También creo que la plantilla necesita una depuración importante. Hay futbolistas que siguen teniendo nombre, pero ya no pesan en el campo como antes. El caso de Dusan Vlahovic simboliza perfectamente el momento del club, un delantero fichado para liderar una nueva era y que nunca encontró continuidad real, entre lesiones y presión. Koopmeiners nunca encontró su espacio ni rindió como se esperaba. Yildiz representa el talento diferencial y la personalidad que muchos veteranos no han mostrado pero su final de temporada está siendo de lágrimas y ahora es uno de los que pudiera marcharse para balancear las cifras.

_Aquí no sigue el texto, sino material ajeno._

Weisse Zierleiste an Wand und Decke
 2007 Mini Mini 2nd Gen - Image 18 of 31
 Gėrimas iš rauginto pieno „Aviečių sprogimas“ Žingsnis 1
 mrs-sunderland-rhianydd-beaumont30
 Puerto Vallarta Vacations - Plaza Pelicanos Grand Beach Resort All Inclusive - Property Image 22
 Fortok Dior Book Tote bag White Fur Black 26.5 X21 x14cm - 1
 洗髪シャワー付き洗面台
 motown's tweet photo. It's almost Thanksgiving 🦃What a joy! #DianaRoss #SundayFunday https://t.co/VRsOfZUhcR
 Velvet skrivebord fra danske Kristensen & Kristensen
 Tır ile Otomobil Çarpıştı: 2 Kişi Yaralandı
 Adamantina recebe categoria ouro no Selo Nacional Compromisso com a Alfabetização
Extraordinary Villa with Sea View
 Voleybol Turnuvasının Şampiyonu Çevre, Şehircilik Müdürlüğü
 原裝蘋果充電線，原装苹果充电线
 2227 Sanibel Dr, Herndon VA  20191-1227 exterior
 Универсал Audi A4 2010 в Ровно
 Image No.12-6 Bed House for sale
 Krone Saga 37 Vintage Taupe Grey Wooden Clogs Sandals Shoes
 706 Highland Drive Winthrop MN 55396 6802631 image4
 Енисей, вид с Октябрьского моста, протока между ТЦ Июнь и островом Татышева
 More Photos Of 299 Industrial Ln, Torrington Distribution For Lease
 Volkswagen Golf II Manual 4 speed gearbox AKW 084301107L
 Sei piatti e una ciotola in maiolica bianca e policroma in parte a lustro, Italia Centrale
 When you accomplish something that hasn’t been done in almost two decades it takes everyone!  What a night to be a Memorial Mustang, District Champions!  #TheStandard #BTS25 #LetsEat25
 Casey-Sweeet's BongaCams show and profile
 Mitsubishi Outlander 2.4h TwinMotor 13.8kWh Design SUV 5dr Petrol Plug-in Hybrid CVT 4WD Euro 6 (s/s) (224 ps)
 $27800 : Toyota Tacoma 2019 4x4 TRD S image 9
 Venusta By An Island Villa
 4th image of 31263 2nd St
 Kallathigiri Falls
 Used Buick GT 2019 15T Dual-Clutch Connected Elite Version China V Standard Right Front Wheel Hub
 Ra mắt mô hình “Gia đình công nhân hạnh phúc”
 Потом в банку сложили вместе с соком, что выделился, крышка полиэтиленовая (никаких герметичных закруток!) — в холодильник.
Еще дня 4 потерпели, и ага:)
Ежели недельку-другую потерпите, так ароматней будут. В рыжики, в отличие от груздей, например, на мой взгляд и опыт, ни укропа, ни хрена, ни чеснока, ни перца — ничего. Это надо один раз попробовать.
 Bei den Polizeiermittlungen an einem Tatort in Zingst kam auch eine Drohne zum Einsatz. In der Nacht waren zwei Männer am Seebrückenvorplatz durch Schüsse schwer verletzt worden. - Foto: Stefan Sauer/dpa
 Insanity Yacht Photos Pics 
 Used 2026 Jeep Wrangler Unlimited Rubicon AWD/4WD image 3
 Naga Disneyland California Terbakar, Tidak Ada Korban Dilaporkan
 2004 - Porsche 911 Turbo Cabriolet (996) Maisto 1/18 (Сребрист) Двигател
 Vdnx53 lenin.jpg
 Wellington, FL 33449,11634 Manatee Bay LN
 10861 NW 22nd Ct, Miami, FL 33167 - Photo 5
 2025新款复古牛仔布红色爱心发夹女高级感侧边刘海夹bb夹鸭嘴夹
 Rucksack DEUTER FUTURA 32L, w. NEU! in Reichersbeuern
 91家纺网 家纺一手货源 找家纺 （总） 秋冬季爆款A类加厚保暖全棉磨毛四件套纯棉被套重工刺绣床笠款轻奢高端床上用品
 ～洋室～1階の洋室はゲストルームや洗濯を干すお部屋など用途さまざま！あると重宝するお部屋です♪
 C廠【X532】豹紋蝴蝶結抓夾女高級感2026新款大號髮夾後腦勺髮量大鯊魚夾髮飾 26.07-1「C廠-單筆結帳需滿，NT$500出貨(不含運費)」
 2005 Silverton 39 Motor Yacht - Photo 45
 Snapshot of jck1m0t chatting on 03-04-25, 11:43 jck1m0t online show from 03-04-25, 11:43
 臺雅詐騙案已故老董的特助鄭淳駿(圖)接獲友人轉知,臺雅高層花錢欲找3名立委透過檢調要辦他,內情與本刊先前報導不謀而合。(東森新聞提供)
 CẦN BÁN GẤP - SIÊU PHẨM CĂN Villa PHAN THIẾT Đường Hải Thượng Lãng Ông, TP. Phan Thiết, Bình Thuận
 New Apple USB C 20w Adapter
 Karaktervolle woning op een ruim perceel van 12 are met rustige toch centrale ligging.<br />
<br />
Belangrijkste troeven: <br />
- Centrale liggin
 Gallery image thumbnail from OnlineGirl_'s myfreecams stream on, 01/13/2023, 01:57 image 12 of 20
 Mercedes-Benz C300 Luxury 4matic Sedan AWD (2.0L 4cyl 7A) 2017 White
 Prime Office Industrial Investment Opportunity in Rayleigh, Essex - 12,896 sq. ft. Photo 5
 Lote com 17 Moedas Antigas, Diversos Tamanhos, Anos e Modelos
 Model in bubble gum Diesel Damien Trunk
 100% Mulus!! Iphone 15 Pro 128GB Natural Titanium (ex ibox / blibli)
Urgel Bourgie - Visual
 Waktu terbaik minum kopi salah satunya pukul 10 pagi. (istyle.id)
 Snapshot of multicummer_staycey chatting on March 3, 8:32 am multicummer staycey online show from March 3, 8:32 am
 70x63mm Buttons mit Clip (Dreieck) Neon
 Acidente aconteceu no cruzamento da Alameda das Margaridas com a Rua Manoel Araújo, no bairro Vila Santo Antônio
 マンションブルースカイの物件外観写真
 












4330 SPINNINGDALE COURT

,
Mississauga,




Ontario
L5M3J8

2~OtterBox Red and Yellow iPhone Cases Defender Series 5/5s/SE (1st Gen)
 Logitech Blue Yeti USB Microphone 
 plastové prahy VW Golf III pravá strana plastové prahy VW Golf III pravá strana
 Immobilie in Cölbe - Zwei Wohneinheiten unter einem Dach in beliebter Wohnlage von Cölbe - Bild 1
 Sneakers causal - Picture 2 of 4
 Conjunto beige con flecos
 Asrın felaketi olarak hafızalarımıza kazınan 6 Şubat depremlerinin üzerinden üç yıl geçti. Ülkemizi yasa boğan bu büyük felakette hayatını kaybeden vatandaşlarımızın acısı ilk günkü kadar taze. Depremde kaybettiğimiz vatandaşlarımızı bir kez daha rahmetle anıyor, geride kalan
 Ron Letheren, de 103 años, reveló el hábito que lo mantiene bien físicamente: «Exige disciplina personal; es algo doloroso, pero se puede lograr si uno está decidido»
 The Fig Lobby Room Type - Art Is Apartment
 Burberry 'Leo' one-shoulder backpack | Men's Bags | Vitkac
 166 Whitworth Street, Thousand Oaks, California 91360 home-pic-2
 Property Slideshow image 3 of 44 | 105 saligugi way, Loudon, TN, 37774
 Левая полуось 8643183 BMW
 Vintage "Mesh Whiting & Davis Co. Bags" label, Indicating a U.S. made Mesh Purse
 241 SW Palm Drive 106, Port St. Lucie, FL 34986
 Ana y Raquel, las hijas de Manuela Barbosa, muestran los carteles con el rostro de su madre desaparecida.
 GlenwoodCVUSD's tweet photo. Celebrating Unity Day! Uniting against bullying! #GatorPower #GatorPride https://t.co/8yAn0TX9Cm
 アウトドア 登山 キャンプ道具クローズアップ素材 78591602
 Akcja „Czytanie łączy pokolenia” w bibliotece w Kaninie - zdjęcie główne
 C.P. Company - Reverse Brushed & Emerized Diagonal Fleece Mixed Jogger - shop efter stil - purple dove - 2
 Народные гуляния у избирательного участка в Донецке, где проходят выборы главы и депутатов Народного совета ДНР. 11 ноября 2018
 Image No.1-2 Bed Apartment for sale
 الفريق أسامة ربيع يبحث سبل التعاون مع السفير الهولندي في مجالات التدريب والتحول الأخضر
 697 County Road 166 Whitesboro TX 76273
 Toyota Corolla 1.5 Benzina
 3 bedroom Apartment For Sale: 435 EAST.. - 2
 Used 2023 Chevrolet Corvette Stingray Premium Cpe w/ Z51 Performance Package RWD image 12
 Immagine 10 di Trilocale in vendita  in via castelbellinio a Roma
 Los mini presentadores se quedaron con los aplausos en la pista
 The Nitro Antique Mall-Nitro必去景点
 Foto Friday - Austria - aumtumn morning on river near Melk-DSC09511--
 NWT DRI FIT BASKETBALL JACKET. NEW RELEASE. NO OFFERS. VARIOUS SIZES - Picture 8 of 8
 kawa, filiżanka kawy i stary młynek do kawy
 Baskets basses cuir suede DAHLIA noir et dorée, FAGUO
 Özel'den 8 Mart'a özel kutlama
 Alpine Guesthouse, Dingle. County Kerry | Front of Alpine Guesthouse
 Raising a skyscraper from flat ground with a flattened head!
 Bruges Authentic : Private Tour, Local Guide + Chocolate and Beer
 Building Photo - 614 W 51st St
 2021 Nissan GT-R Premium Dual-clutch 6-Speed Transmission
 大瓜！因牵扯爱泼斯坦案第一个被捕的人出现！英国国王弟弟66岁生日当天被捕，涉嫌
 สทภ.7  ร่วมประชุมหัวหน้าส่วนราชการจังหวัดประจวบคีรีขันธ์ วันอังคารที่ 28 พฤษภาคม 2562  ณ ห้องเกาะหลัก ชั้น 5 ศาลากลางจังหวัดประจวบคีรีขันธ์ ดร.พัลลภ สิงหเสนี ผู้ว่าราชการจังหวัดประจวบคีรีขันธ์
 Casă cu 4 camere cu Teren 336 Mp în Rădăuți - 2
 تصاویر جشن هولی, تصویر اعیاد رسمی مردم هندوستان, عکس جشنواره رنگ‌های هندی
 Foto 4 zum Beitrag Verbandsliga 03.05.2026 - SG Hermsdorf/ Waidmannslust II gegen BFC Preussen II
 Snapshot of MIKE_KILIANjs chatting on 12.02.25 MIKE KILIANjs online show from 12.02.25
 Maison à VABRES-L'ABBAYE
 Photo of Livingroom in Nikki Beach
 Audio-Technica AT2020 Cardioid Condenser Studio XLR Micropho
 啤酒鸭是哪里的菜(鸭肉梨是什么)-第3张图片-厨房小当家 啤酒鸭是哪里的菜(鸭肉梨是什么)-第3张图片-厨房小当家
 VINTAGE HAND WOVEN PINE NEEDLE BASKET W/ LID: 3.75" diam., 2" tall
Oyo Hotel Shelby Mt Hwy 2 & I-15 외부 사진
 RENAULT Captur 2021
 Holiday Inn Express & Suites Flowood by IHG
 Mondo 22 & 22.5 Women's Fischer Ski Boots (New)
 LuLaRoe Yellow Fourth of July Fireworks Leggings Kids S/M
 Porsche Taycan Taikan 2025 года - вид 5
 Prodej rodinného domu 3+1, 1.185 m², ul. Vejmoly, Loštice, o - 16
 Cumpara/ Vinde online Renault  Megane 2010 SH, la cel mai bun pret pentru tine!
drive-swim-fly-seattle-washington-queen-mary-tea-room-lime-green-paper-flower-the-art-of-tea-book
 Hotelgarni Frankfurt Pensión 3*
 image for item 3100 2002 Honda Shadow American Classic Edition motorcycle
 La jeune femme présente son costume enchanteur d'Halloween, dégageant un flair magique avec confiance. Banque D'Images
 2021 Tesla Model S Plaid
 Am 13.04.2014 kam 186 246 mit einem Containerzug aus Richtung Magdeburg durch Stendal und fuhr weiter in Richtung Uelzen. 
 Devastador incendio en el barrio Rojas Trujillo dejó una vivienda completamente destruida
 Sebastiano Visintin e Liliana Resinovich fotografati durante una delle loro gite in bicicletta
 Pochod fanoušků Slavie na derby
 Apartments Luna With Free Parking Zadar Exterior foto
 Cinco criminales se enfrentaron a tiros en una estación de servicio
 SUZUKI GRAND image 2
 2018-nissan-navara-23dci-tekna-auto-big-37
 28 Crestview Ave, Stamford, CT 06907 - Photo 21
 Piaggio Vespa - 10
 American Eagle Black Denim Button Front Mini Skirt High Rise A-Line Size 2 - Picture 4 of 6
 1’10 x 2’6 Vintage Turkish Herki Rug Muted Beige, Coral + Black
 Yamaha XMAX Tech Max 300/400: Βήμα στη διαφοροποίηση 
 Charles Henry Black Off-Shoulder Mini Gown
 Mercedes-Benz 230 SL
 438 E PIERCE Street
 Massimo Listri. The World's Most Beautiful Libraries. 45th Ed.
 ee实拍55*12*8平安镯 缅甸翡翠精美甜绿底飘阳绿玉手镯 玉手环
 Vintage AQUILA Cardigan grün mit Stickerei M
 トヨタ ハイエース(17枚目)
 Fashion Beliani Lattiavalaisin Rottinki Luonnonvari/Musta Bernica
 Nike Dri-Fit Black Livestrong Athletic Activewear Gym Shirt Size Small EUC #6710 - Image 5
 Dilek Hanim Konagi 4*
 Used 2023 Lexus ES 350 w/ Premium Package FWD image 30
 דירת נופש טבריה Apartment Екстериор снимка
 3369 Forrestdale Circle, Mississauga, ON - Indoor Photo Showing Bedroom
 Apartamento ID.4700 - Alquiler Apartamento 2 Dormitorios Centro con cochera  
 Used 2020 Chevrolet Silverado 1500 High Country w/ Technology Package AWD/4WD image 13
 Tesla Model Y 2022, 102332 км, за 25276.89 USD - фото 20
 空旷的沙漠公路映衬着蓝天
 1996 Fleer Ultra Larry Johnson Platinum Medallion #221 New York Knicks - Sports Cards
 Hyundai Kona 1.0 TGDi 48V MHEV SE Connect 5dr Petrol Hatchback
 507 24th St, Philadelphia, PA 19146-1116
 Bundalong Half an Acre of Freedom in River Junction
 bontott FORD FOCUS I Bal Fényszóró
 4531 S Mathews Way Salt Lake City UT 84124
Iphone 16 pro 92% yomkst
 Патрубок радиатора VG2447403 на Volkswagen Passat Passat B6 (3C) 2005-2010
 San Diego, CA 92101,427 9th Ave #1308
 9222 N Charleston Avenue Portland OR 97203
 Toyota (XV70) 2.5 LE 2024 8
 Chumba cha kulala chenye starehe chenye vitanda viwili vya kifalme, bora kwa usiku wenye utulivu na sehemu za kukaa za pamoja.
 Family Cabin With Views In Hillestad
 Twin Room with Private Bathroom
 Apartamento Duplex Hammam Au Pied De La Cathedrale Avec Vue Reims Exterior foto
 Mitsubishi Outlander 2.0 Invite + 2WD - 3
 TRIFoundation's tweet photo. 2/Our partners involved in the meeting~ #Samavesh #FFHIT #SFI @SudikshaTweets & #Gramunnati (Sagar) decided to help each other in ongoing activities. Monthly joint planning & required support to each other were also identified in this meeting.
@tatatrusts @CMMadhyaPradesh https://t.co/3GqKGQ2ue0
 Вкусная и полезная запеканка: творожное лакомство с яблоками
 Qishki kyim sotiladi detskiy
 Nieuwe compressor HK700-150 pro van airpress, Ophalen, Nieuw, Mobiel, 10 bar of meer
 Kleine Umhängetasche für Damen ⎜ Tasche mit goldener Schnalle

Si la Juventus finalmente queda fuera de Champions lo cual parece muy probable, el verano puede ser durísimo. Sin ingresos europeos habrá ventas importantes y seguramente un nuevo rediseño deportivo. No descartaría la salida de Bremer o jugadores con salarios altos pero tampoco creo que habrá cambios profundos en la dirección técnica. Spalletti renovó y dificilmente haya cambios al menos este verano de técnico.
Es peligroso acostumbrarse a vivir lejos de la élite, y la Juventus si bien lo intenta empieza a verse más en un túnel sin luz.
Ojalá en algún momento se arregle este desastre institucional y un rayo de sol caiga en la Continassa.